### Required action
Omit the pictures, then write out every entry exactly as it reads.

### Dataset records

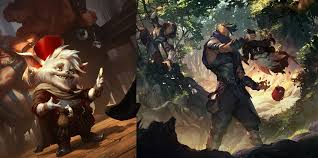 Yordle Grifter Appears In The Navori Highwayman S Artwork Legendsofruneterra Yordle grifter may be the same yordle in navori highwayman's card art by misterbreadcrum in legendsofruneterra. yordle grifter appears in the navori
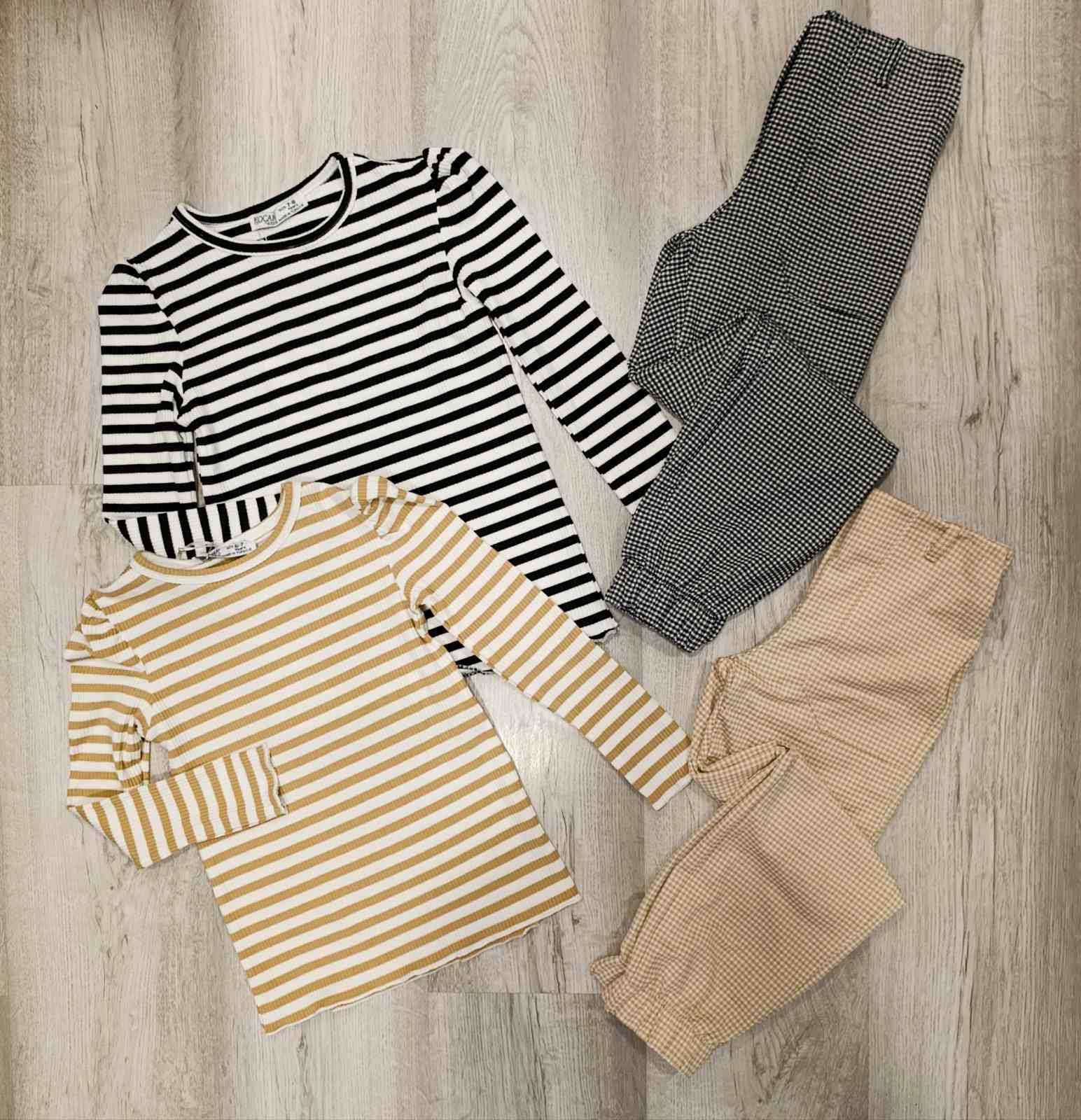 Dekliški 2 delni komplet - kara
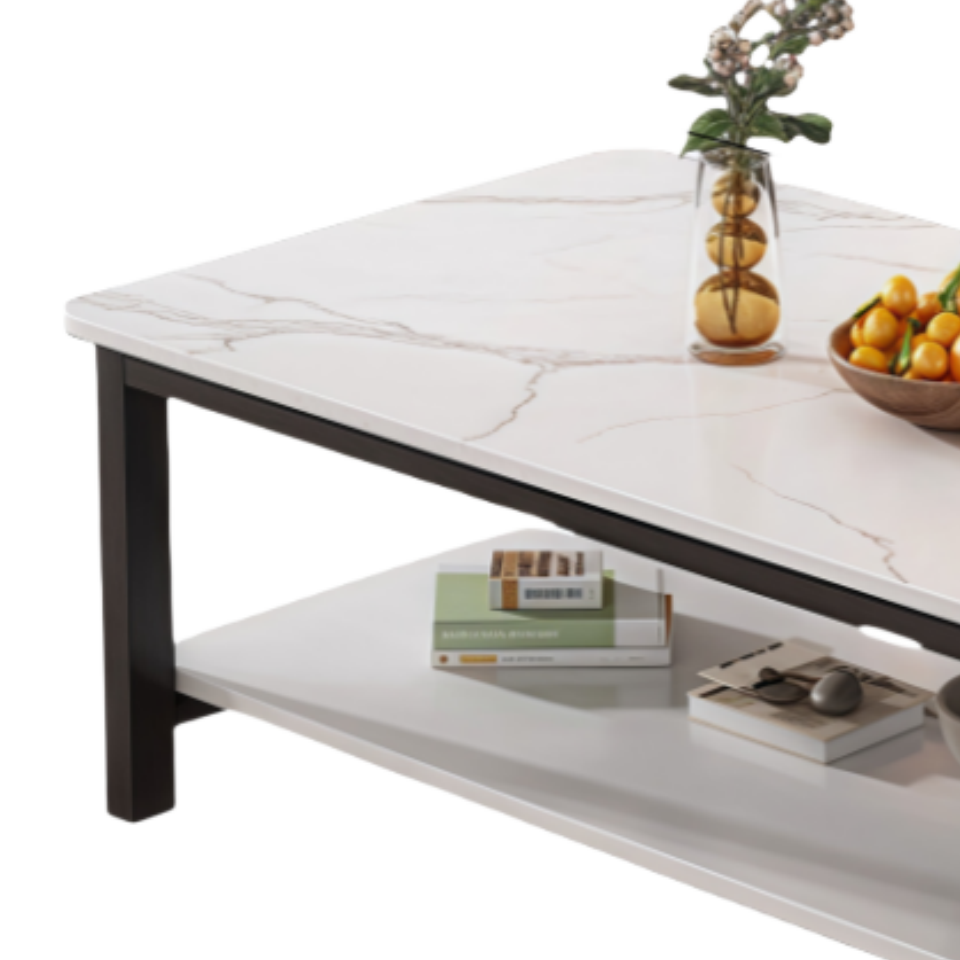 鑫龙都 岩板茶几 张高清大图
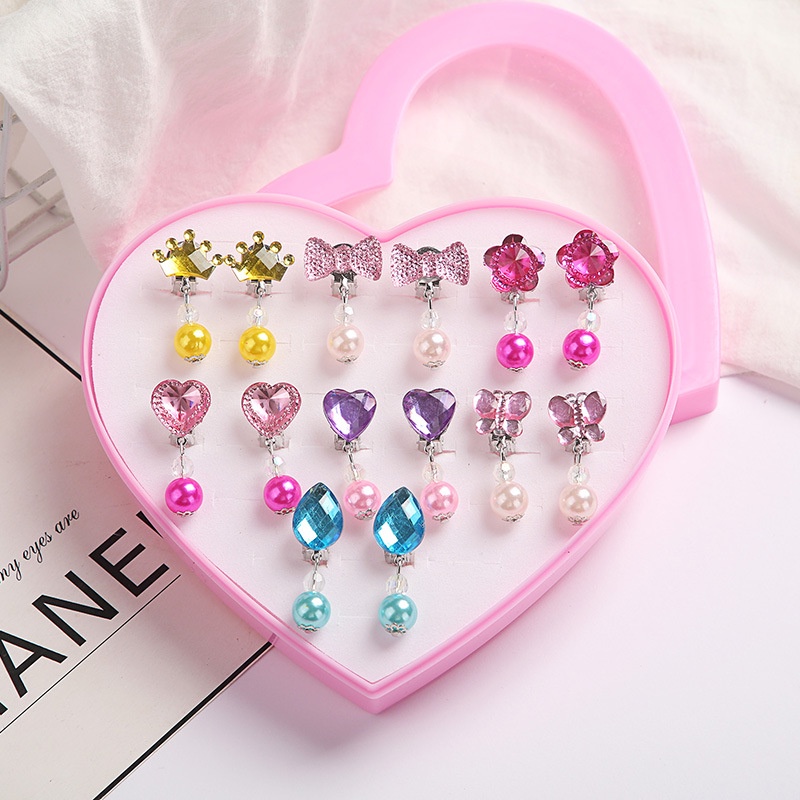 Anting Plastik Import Anting Anak/ Dewasa Kekinian by KartiniOlshop77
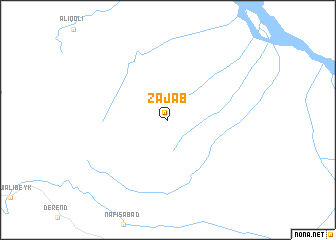 map of Zājāb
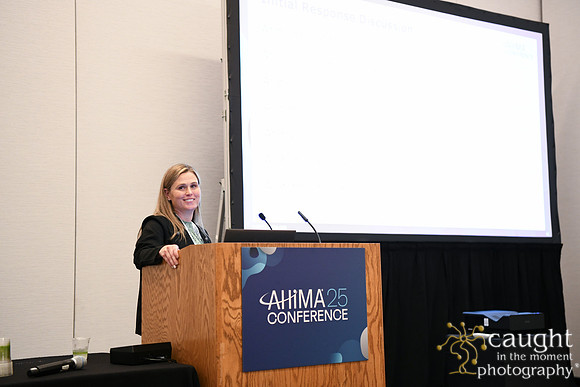 321 AHIMA 2025 Minneapolis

### Answer
 Yordle Grifter Appears In The Navori Highwayman S Artwork Legendsofruneterra Yordle grifter may be the same yordle in navori highwayman's card art by misterbreadcrum in legendsofruneterra. yordle grifter appears in the navori
 Dekliški 2 delni komplet - kara
 鑫龙都 岩板茶几 张高清大图
 Anting Plastik Import Anting Anak/ Dewasa Kekinian by KartiniOlshop77
 map of Zājāb
 321 AHIMA 2025 Minneapolis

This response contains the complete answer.